Researchers at the University of California-Berkeley are developing a 3-D imaging technology that can remotely sense objects across distances as long as 30 feet, 10 times farther than what can be done with comparable current low-power laser systems.
"While meter-level operating distance is adequate for many traditional metrology instruments, the sweet spot for emerging consumer and robotics applications is around 10 meters," according to researcher Behnam Behroozpour. "This range covers the size of typical living spaces while avoiding excessive power dissipation and possible eye safety concerns."
The researchers applied frequency-modulated continuous-wave (FMCW) technology to shrink the size and power consumption of today’s typical LIDAR (Light Radar) system without compromising their performance in terms of distance.
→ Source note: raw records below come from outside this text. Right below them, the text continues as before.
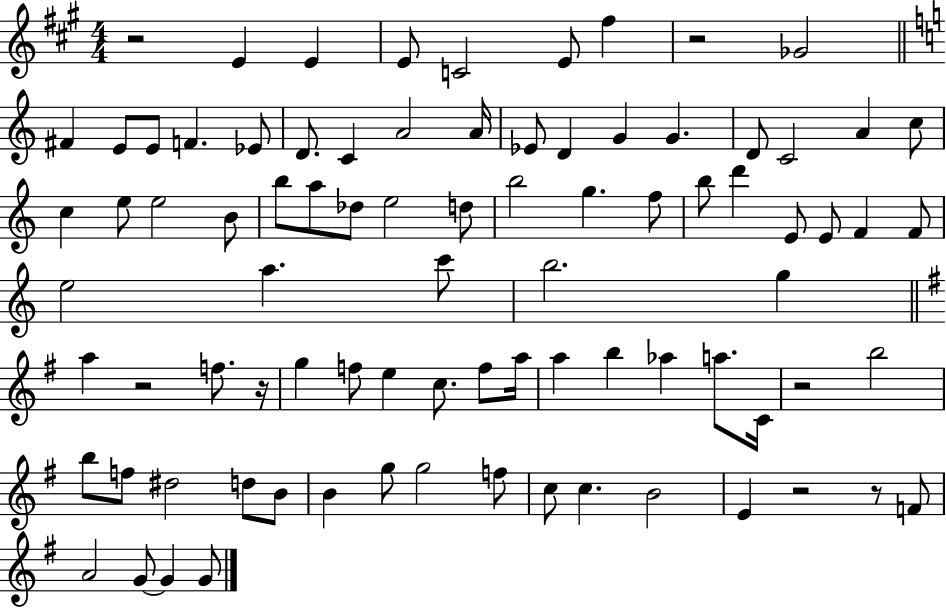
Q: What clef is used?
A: treble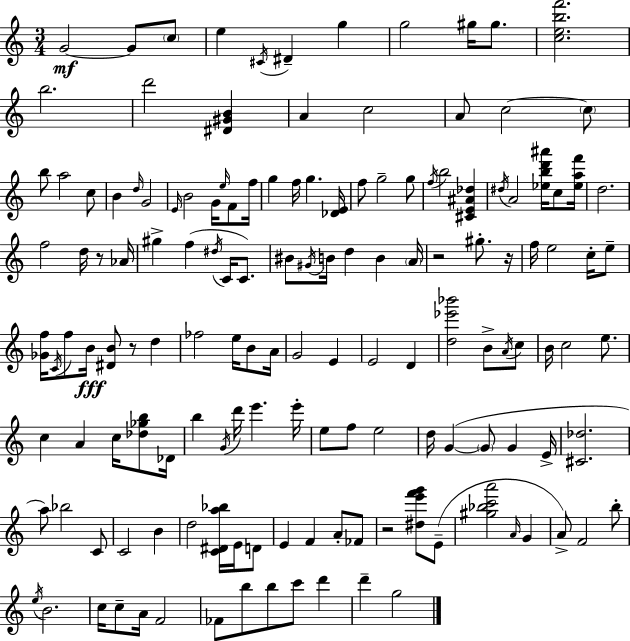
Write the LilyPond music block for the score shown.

{
  \clef treble
  \numericTimeSignature
  \time 3/4
  \key a \minor
  g'2~~\mf g'8 \parenthesize c''8 | e''4 \acciaccatura { cis'16 } dis'4-- g''4 | g''2 gis''16 gis''8. | <c'' e'' b'' f'''>2. | \break b''2. | d'''2 <dis' gis' b'>4 | a'4 c''2 | a'8 c''2~~ \parenthesize c''8 | \break b''8 a''2 c''8 | b'4 \grace { d''16 } g'2 | \grace { e'16 } b'2 g'16 | \grace { e''16 } f'8 f''16 g''4 f''16 g''4. | \break <des' e'>16 f''8 g''2-- | g''8 \acciaccatura { f''16 } b''2 | <cis' e' ais' des''>4 \acciaccatura { dis''16 } a'2 | <ees'' b'' d''' ais'''>16 c''8 <ees'' a'' f'''>16 d''2. | \break f''2 | d''16 r8 aes'16 gis''4-> f''4( | \acciaccatura { dis''16 } c'16 c'8.) bis'8 \acciaccatura { gis'16 } b'16 d''4 | b'4 \parenthesize a'16 r2 | \break gis''8.-. r16 f''16 e''2 | c''16-. e''8-- <ges' f''>16 \acciaccatura { c'16 } f''8 | b'16\fff <dis' b'>8 r8 d''4 fes''2 | e''16 b'8 a'16 g'2 | \break e'4 e'2 | d'4 <d'' ees''' bes'''>2 | b'8-> \acciaccatura { a'16 } c''8 b'16 c''2 | e''8. c''4 | \break a'4 c''16 <des'' ges'' b''>8 des'16 b''4 | \acciaccatura { g'16 } d'''16 e'''4. e'''16-. e''8 | f''8 e''2 d''16 | g'4~(~ \parenthesize g'8 g'4 e'16-> <cis' des''>2. | \break a''8) | bes''2 c'8 c'2 | b'4 d''2 | <c' dis' a'' bes''>16 e'16 d'8 e'4 | \break f'4 a'8-. fes'8 r2 | <dis'' e''' f''' g'''>8 e'8--( <gis'' bes'' c''' a'''>2 | \grace { a'16 } g'4 | a'8->) f'2 b''8-. | \break \acciaccatura { e''16 } b'2. | c''16 c''8-- a'16 f'2 | fes'8 b''8 b''8 c'''8 d'''4 | d'''4-- g''2 | \break \bar "|."
}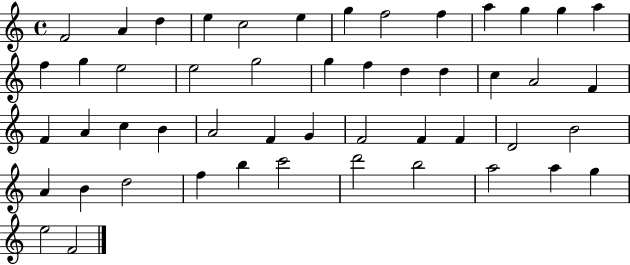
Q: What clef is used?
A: treble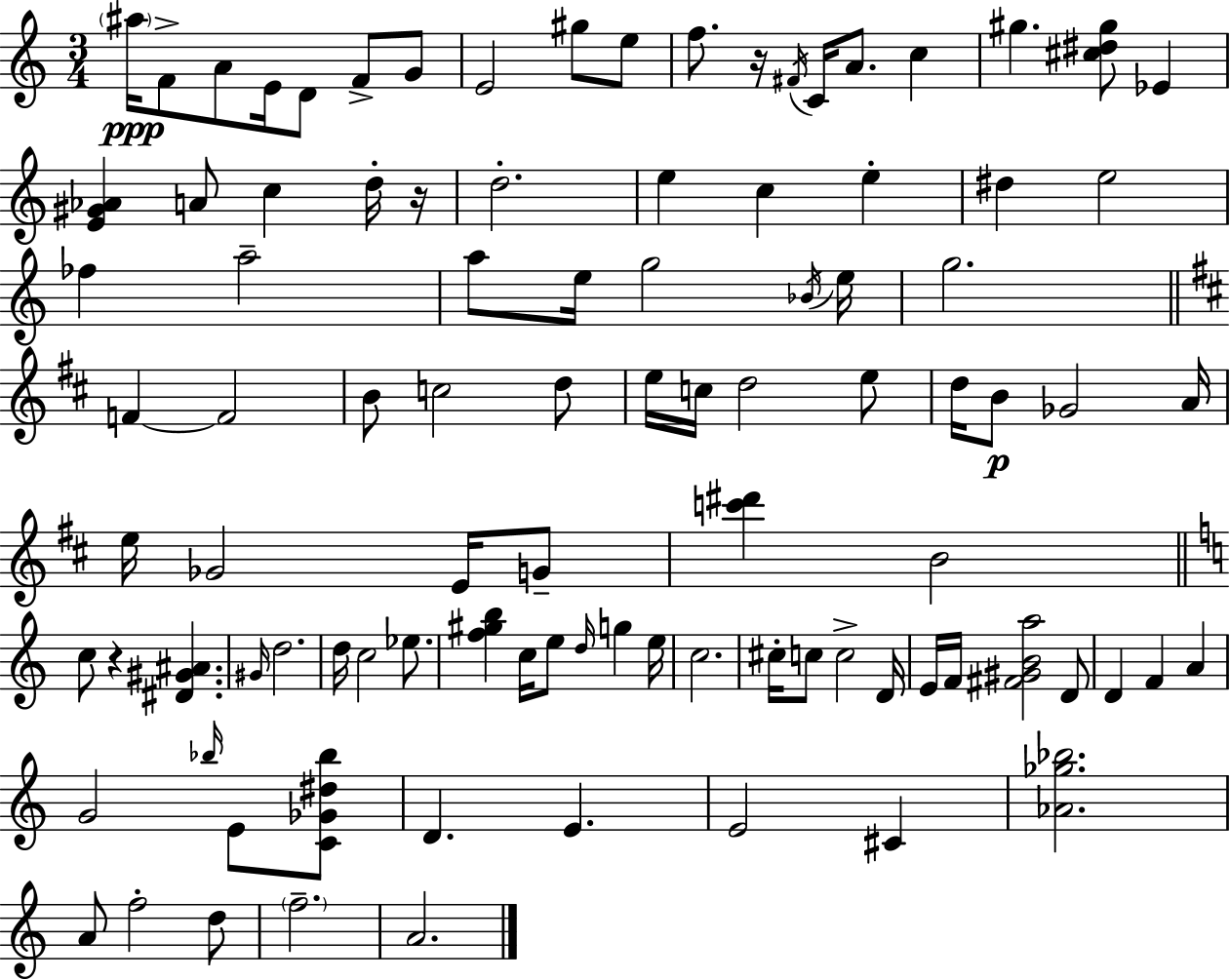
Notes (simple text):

A#5/s F4/e A4/e E4/s D4/e F4/e G4/e E4/h G#5/e E5/e F5/e. R/s F#4/s C4/s A4/e. C5/q G#5/q. [C#5,D#5,G#5]/e Eb4/q [E4,G#4,Ab4]/q A4/e C5/q D5/s R/s D5/h. E5/q C5/q E5/q D#5/q E5/h FES5/q A5/h A5/e E5/s G5/h Bb4/s E5/s G5/h. F4/q F4/h B4/e C5/h D5/e E5/s C5/s D5/h E5/e D5/s B4/e Gb4/h A4/s E5/s Gb4/h E4/s G4/e [C6,D#6]/q B4/h C5/e R/q [D#4,G#4,A#4]/q. G#4/s D5/h. D5/s C5/h Eb5/e. [F5,G#5,B5]/q C5/s E5/e D5/s G5/q E5/s C5/h. C#5/s C5/e C5/h D4/s E4/s F4/s [F#4,G#4,B4,A5]/h D4/e D4/q F4/q A4/q G4/h Bb5/s E4/e [C4,Gb4,D#5,Bb5]/e D4/q. E4/q. E4/h C#4/q [Ab4,Gb5,Bb5]/h. A4/e F5/h D5/e F5/h. A4/h.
LIDAR systems emit laser light that hits an object, and then can tell how far away that object is by measuring changes in the light frequency that is reflected back. Current lasers used in high-resolution LIDAR imaging can be large, power-hungry and expensive.
The Berkeley team in their prototype system exploited MEMS tunable VCSELs to amplify the system's signal without an expense of power.
"Generally, increasing the signal amplitude results in increased power dissipation," said Behroozpour. "Our solution avoids this tradeoff, thereby retaining the low power advantage of VCSELs for this application." The team's next plans include integrating the VCSEL, photonics and electronics into a chip-scale package.
The Berkeley team will present their achievement titled "Method for Increasing the Operating Distance of MEMS LIDAR beyond Brownian Noise Limitation," at the Conference on Lasers and Electro-Optics held June 8-13 in San Jose, Calif.